Task objective - Return, word for word, every line starting at the line with "Κοντινό βιολογικό τσάι" and ending at the final line of the entries; skip the pictures.

Records to use -
=== Section Start ===

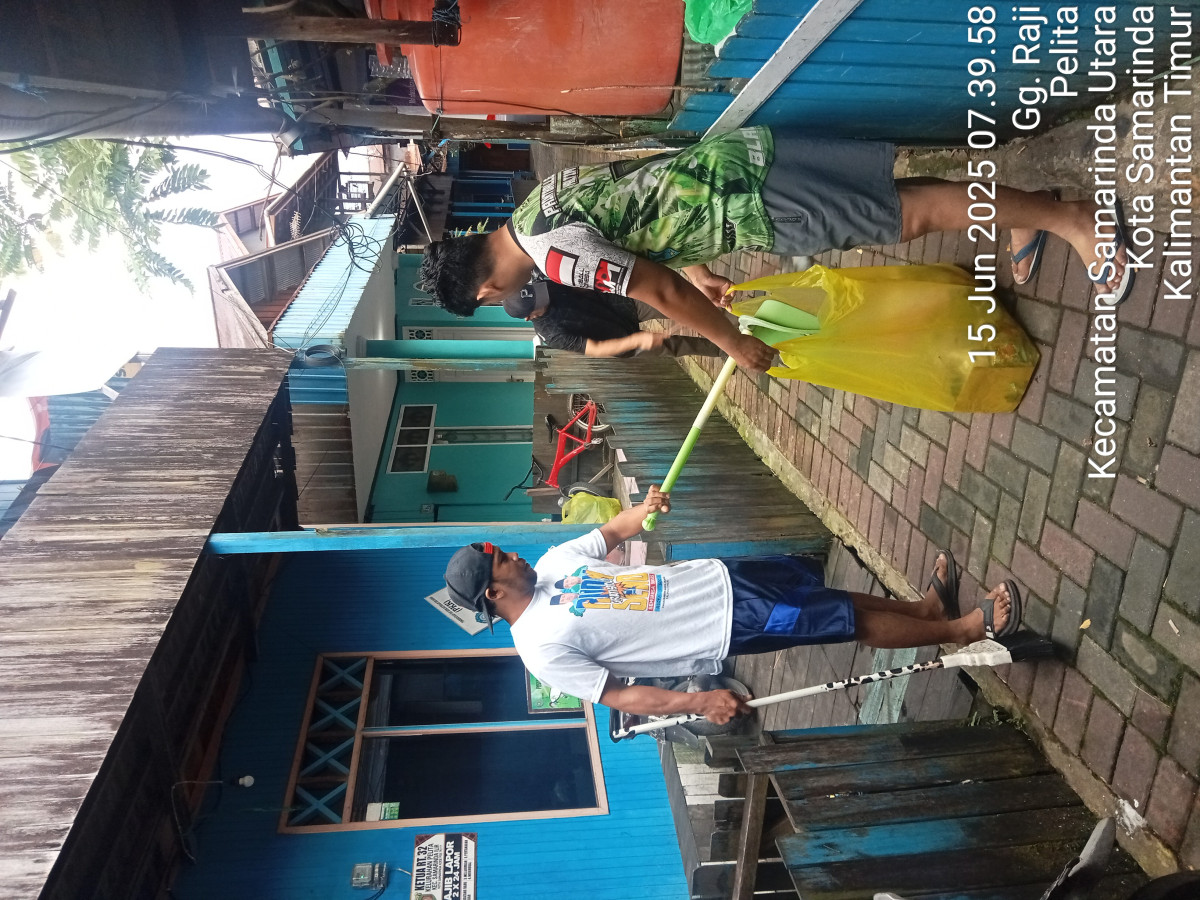 KEGIATAN GOTONG ROYONG WARGA RT 32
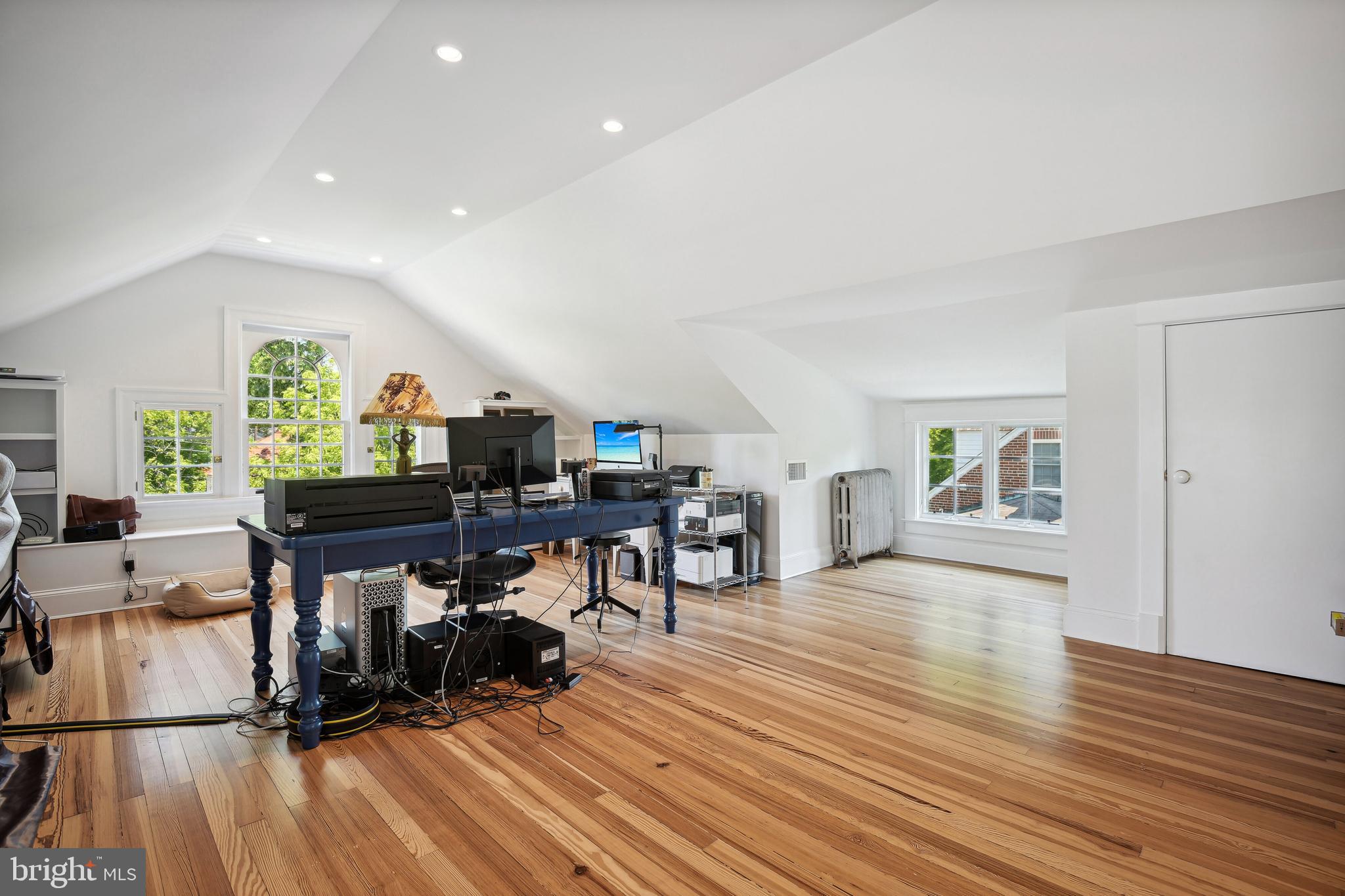 CHEVY CHASE - Residential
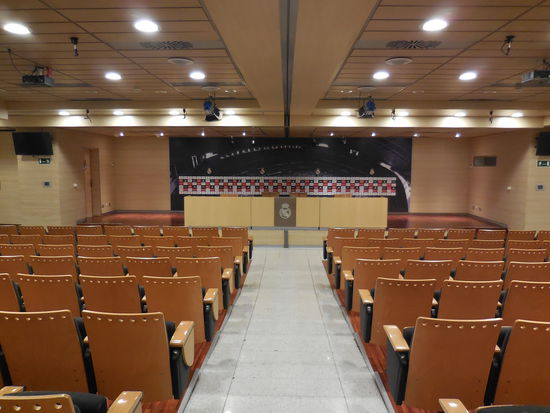 Pressesaal- im Gegensatz zu München darf man sich hier durchaus auf den Sessel des Club-Präsidenten für ein Foto setzen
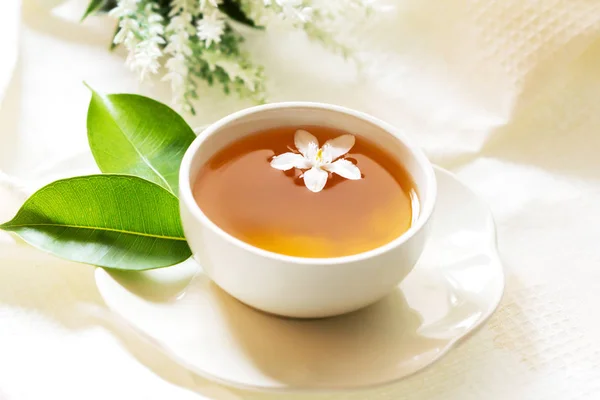 Κοντινό βιολογικό τσάι στο φλιτζάνι λευκό με πράσινα φύλλα, το τσάι τελετή — Φωτογραφία Αρχείου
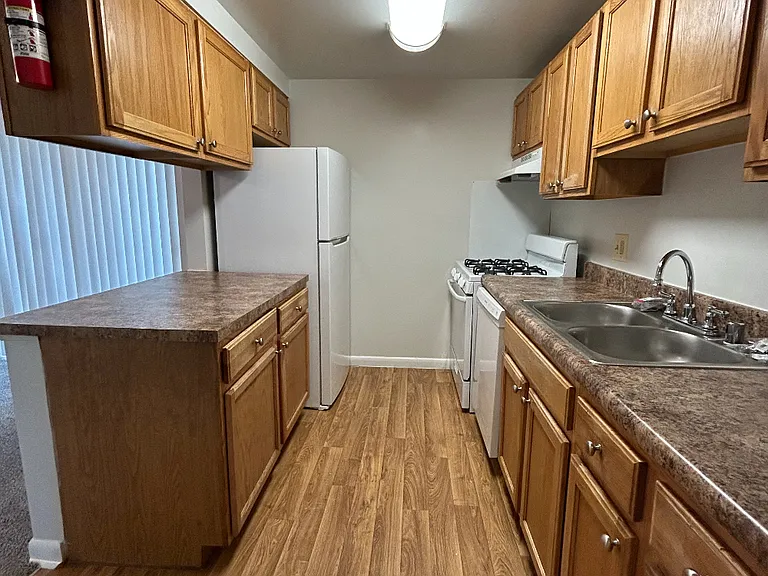 Longview — Photo 163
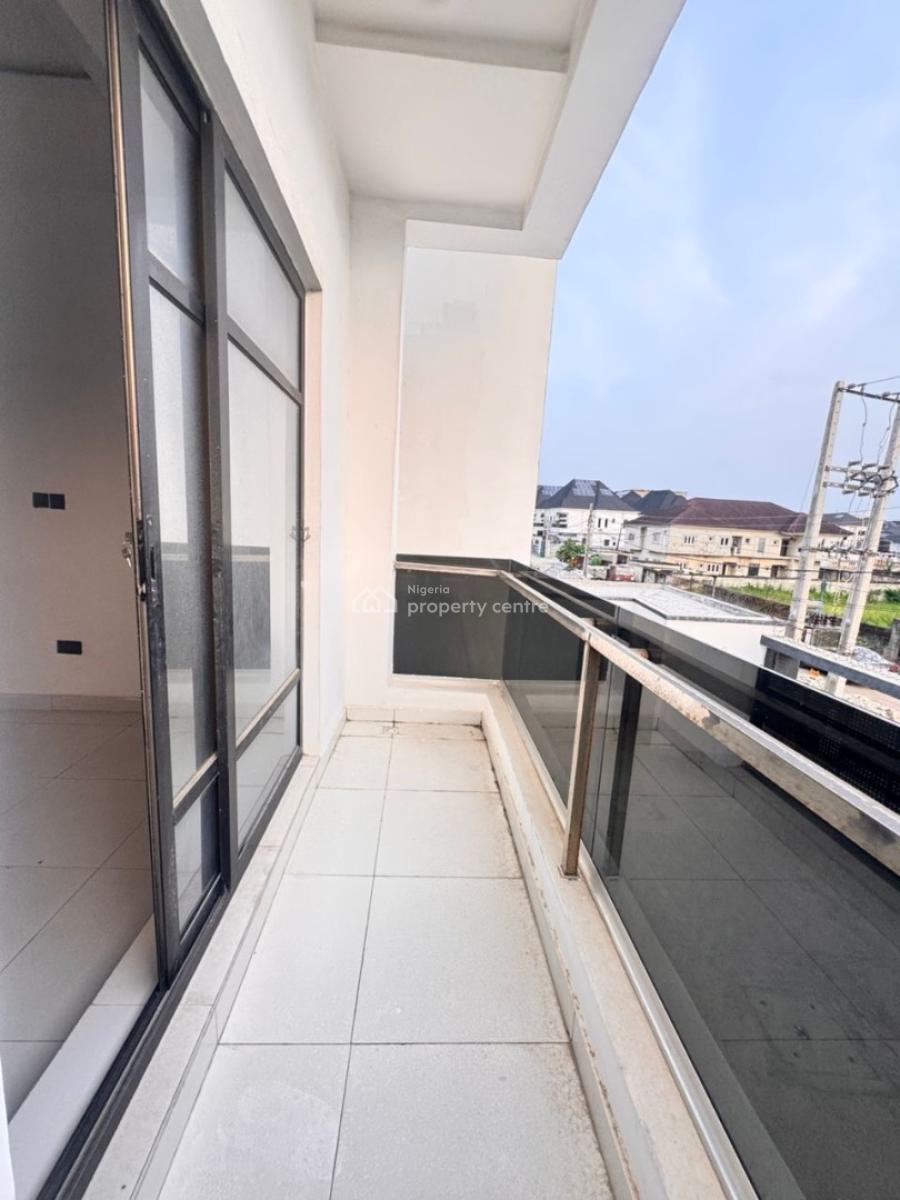 Luxurious 2 Bedroom Apartment, Ologolo, Lekki Phase 1, Lekki, Lagos, Flat / Apartment for Sale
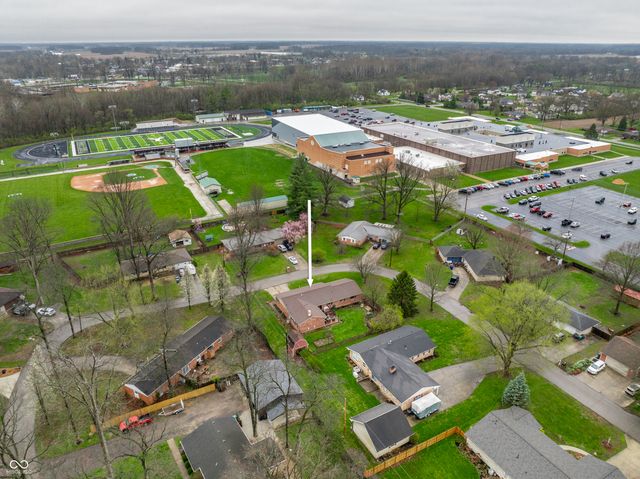 925 S Westchester Park Drive, Yorktown, IN 47396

=== Section End ===

Written answer -
 Κοντινό βιολογικό τσάι στο φλιτζάνι λευκό με πράσινα φύλλα, το τσάι τελετή — Φωτογραφία Αρχείου
 Longview — Photo 163
 Luxurious 2 Bedroom Apartment, Ologolo, Lekki Phase 1, Lekki, Lagos, Flat / Apartment for Sale
 925 S Westchester Park Drive, Yorktown, IN 47396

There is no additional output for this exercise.